Reinforcement Learning using a Recurrent Neural Network

Having done some work with Recurrent Neural Networks and implemented several variations, it was time to apply them to something more interesting than character-level language modeling. To me one of the most interesting applications of RNNs is for agent control in a Partially Observable Markov Decision Process (POMDP). First, what is a POMDP? A Markov Decision Process (MDP) is a stochastic control process, where you are in some state s and you can perform some action a. This action will result in a transition into a new state s’ and a reward r. Both of these are dependent only on the tuple (s, a), rather than on the history of states and actions (this is known as the Markov Property). A POMDP is a generalisation of MDPs in that it introduces the concept of observations and the possibility that the current state s can only be deduced from observations, rather than being directly observable. In this case the agent must maintain some internal probability distribution over the states s, and integrate the observations at every time step to update this distribution. The ultimate task of an agent in a MDP and POMDP is to choose actions such that the long term reward is maximised.

A simple example of an MDP is balancing an inverted pendulum. In this type of system the state can be expressed as the weights and dimensions of the cart/pendulum system, the current angle of the pendulum, and its current angular velocity. This state information can be used to decide on an action, in the form of motor-drive applied to the cart’s wheels, that will keep the pendulum upright. This simple MDP problem can be converted into a POMDP by removing the current angular velocity of the pendulum from the observed state. In this case we would need to integrate the observations of the pendulum angle over time to keep track of a state representation necessary for making an optimal action decision.

For this project I chose to implement a Reinforcement Learner agent for controlling an inverted pendulum cart. I would use a Recurrent Neural Network to learn a Q-function, mapping observations to action values. I used aspects of DQN learning to train the RNN.

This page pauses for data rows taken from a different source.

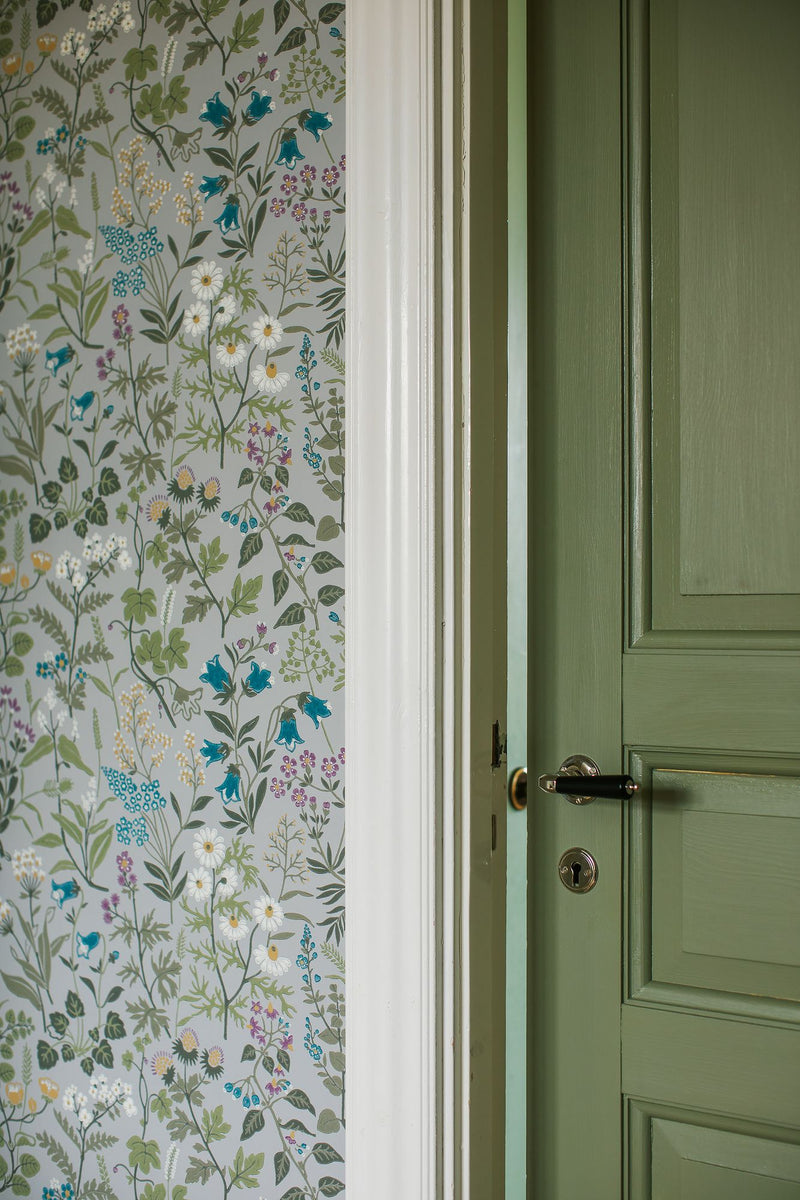 4182 Flora Light Multi and Grey Alla Tiders Hus Wallpaper by Boråstapeter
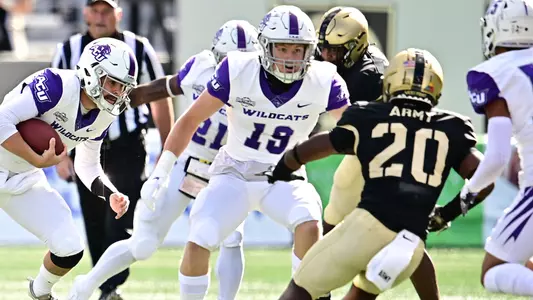 Dax Neece (center) prepares to block for QB Peyton Mansell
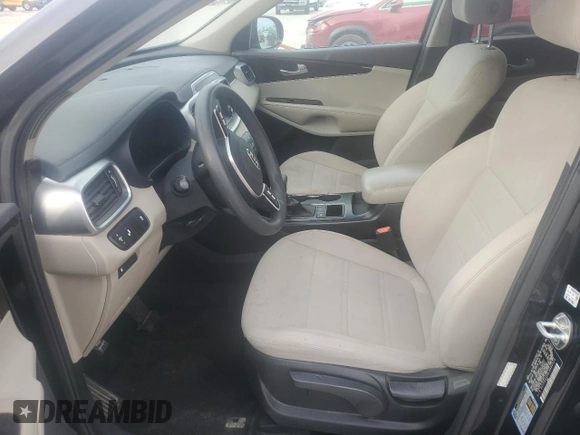 2020 Kia Sorento LX with VIN 5XYPG4A38LG684529, listed as a Copart auction lot 89009425 with 65,338 mi miles and Clean Title. Bid and sale history available at carsss.com. Image 7.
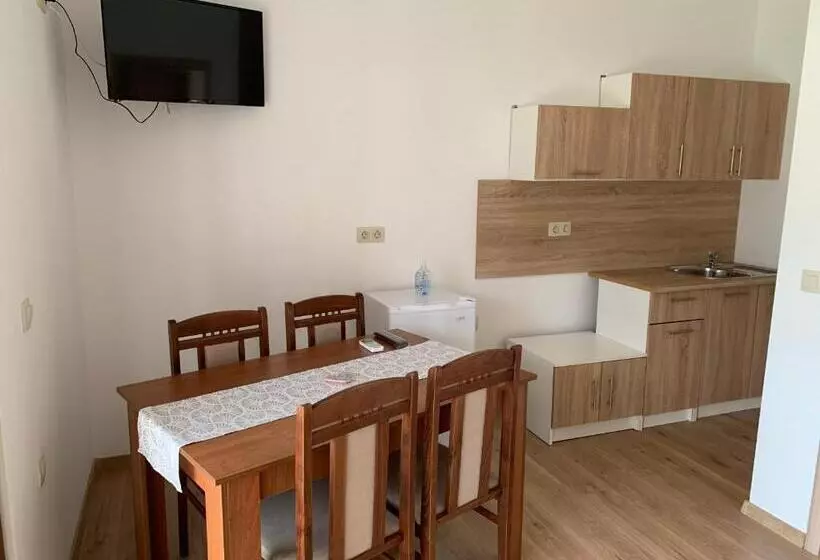 ペンション къщи за гости “планински рай” Mountain Paradise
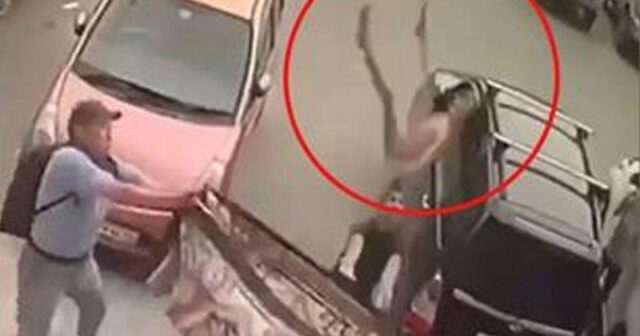 12-ci mərtəbədən yıxılan uşağı havada tutan kişinin qolları sındı – VİDEO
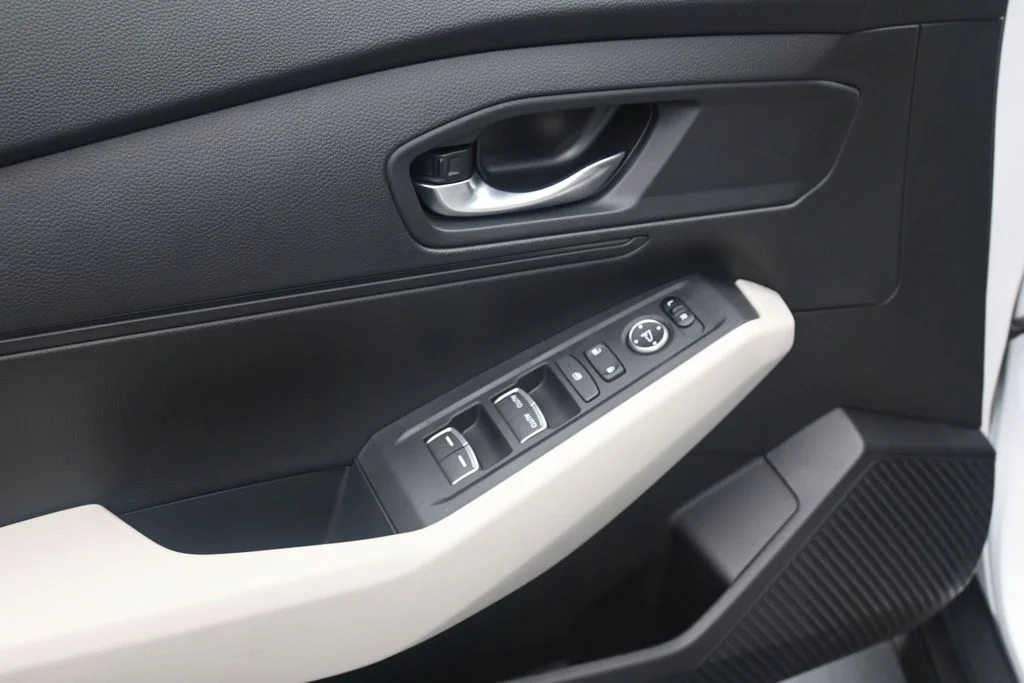 New 2026 Platinum White Pearl Honda LX image 17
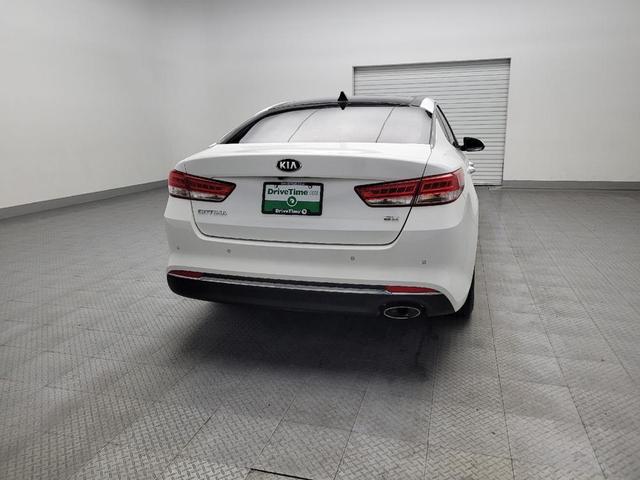 Photo of 2017 Snow White Pearl Kia Optima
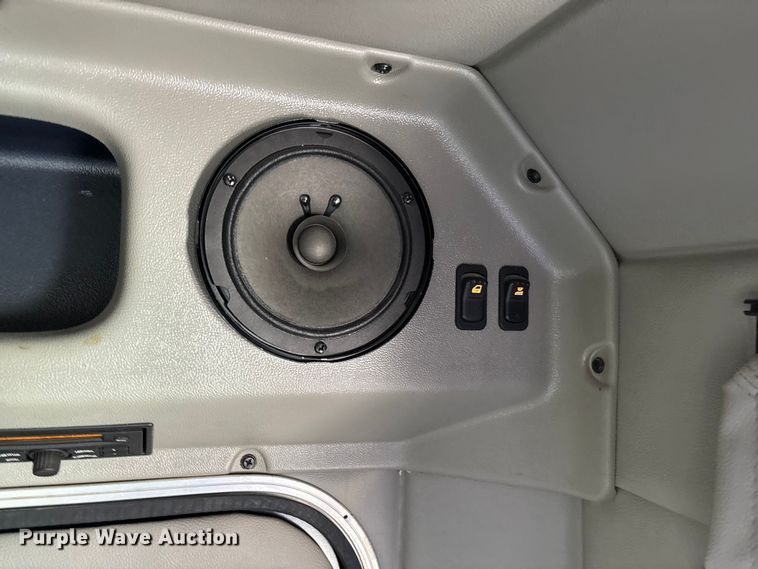 image for item FB3267 2019 Peterbilt 579 semi truck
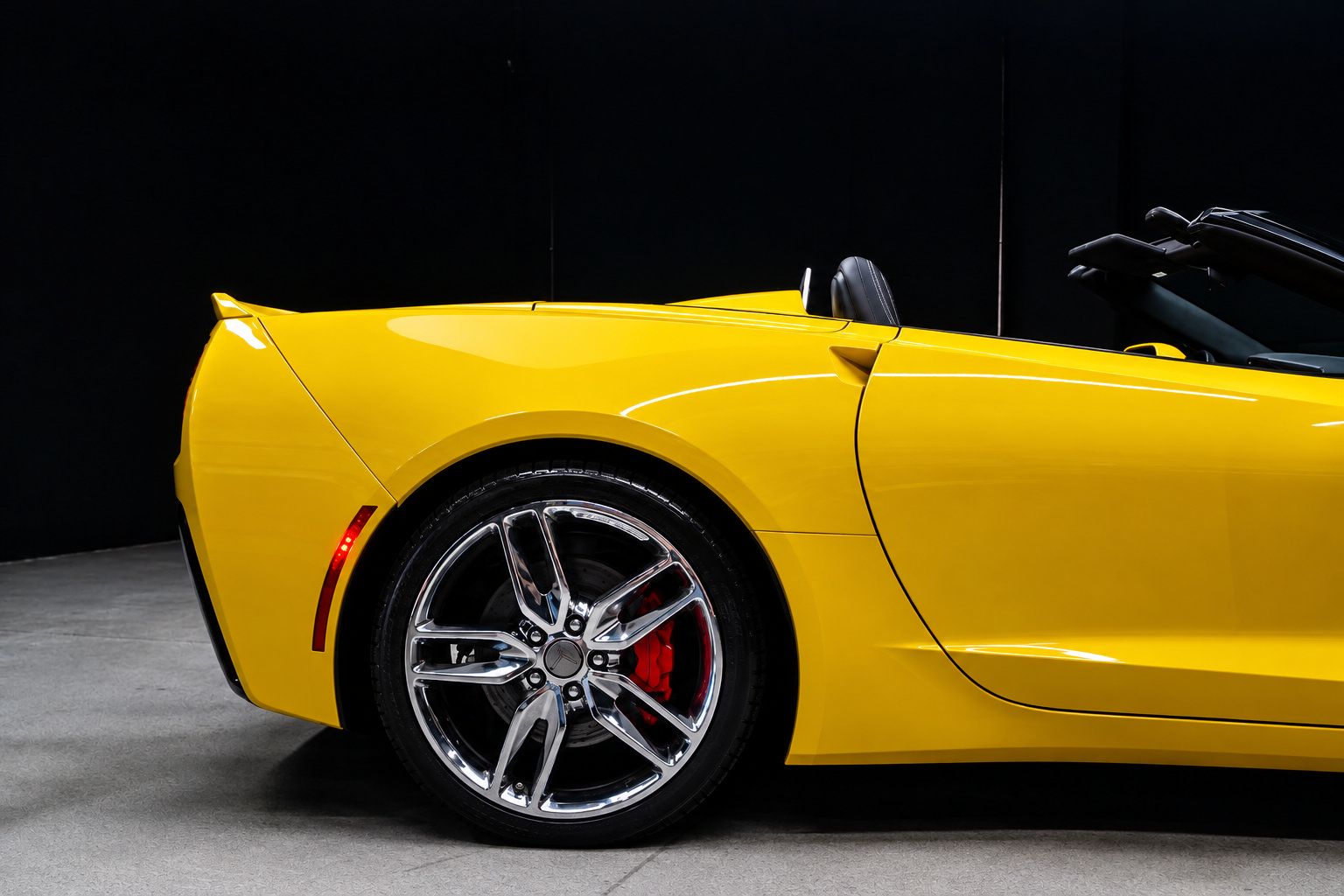 Used 2015 Chevrolet Corvette Stingray Convertible w/ 3LT Preferred Equipment Group RWD image 8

The most interesting aspect of this task is that usually when dealing with a POMDP you have to make explicit decision as to how to integrate the observations over time, how to deal with the state uncertainty, and how to internally represent the state to attain the Markov Property for the decision process. Using an RNN for this task removes much of these decisions. In theory the RNN can learn to do all of this implicitly.

Cart with Inverted Pendulum <>

Simulation Setup

The first thing to do is to set up a way of simulating the behaviour of a cart and inverted pendulum system. I decided to use the Bullet Physics library as I was already familiar with it, having used it for one of my PhD projects. The Bullet library allows easy simulation of rigid body dynamics, modelling various shapes and linkages/constraints. The cart is modelled as a box with 4 wheels, and the pendulum is modelled as a weighted long and thin cylinder attached with a hinge joint to the top of the cart. The simulation world contains a pendulum cart on a z-plane, with 2 immovable boxes some distance either side of the cart. These boxes are there to restrict the maximum displacement of the cart, which should make the control task potentially slightly harder. This cart system is modelled at a sampling rate of 30 times a second using the default discrete solver for Bullet.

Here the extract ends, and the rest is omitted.